DOS HERMANOS: GO EVERYWHERE, EAT EVERYTHING

"It's not much but it's ours"

Saturday, May 10, 2008

ISTANBUL: EATING EYTAN’ S WAY










It takes a big man to admit he is wrong.

In which case, call me Mr Big, because, it would appear that I misjudged Istanbul.

If you look at my last, slightly dispirited, post on this city, you will see a long list of suggestions from estimable DH reader, Eytan Behmoaras about where and what I should have been trying.

Well, if someone is prepared to make that kind of effort, so should I be to try and follow up at least some. In this case, that effort included a fifteen minute ferry ride to the Istanbul neighbourhood of Kadikoy which, on a fine May day, was no real hardship at all as I sat on the boat, sipped on a cup of and watched The Blue Mosque fade into the distance.

Kadikoy is a bustling, fully formed neighbourhood in its own right, packed with shops and, more importantly, many restaurants sitting alongside a lively market where I saw displays of fish as fresh and tempting as anything I have seen on the whole trip so far.

Eytan had suggested a place for lunch called Ciya which I found on the same street as the market. There appeared to be three options, one for kebabs, another for pide and lachmacun and a third, larger space, for pre-prepared cooked dishes, soups and salads. However, the way that food was being whizzed across the street from each location made me think that it was all pretty interchangeable.

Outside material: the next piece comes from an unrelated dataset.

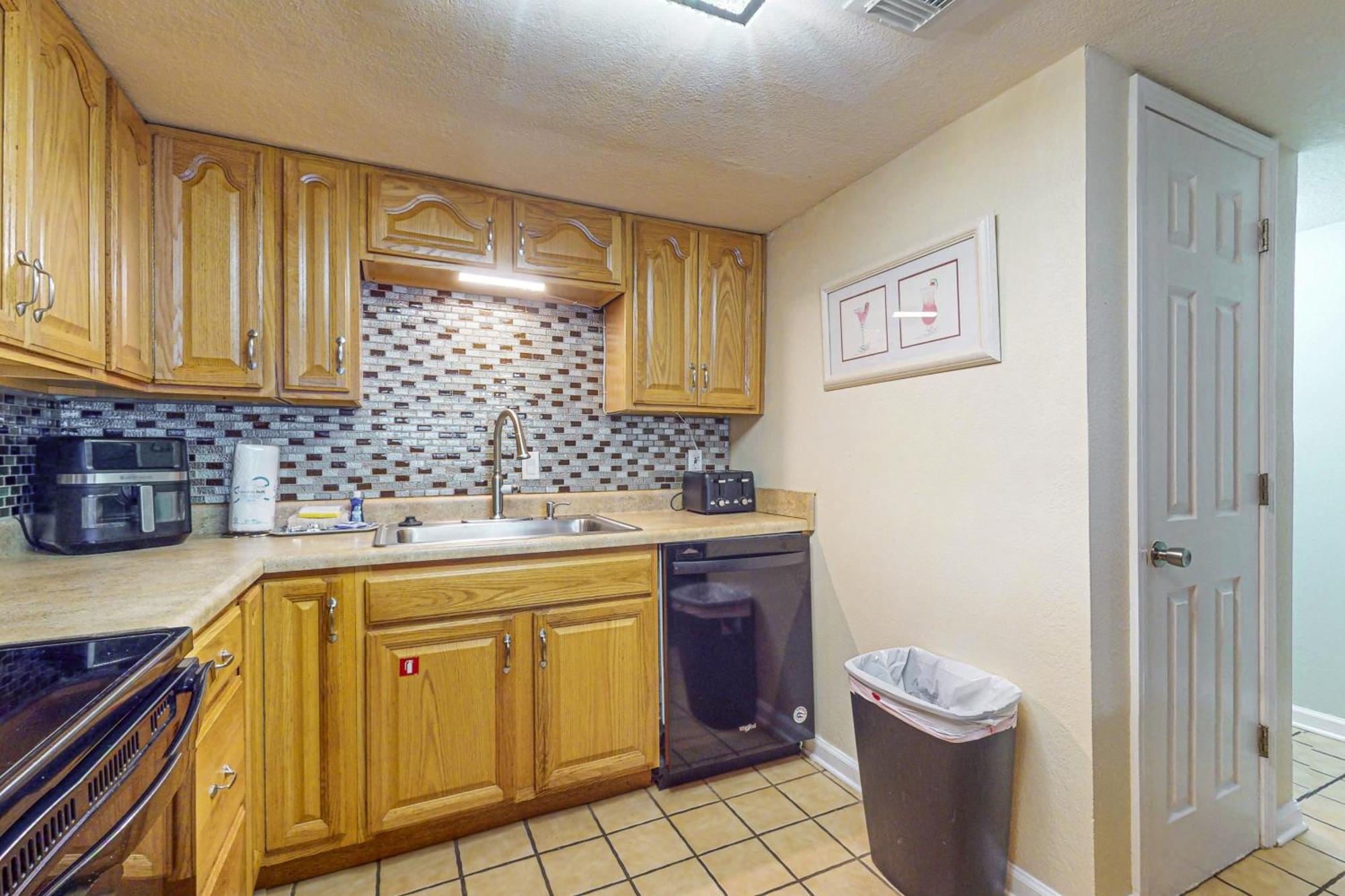 Edgewater West #25 Apartment กัลฟ์ชอร์ส ภายนอก รูปภาพ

I was, it would be fair to say, a bit kebab’d out so decided to make a selection from the wide range of pre-prepared food with the help of the waiter. The pictures do not do them justice, but each dish was very different in texture and flavour and each dish was, in its own way, deeply delicious.

Particular favourites were a slightly sour dish of lamb cooked with plums and lots of garlic and, inevitably, a dish of lamb’s intestine whose spicy stuffing reminded me of haggis. That is, by the way, no bad thing.

I fınıshed wıth two small,comped shots of herb and sumac sherbet.

Each dish here was better than anything I had tried to date in the city so far

There was much more on offer in the area. Fish restaurants selling Turbot or simple snacks of mussels on sticks, pots of yoghurt being drizzled with honey from the comb, excellent looking lahmacun to be rolled up and eaten on the hoof and slabs of borek filled with cheese and spinach.

Unfortunately, I only have one stomach to give and this particular one is attached to a body that developed a weariness induced cold in the middle of the night. So, post a small treat of a couple of pieces of baklava and some more Çay at a local café, I headed back to the ferry and back to bed.

However, I saw enough to make me want to go back again, enough to make me realise that there is more to Istanbul than dry grilling and enough to make me realise, if I did not already, the benefit of local insight.

Thanks, Eytan





P.S
So´I know how many of you wıll have had sleepless nıghts worryıng ıf I have recovered from my cold. To set your mınd at rest I managed a sımple breakfast of eggs(two) cheese (wıth honey and thyme) olıves tomatoes and cucumber before headıng out to eat

Elevenses was the aforementıoned hamburgers ın Taksım square. They are greasy´and nasty and entırely wıthout merıt and I loved every last bıte of the two of them I managed to squeeze down.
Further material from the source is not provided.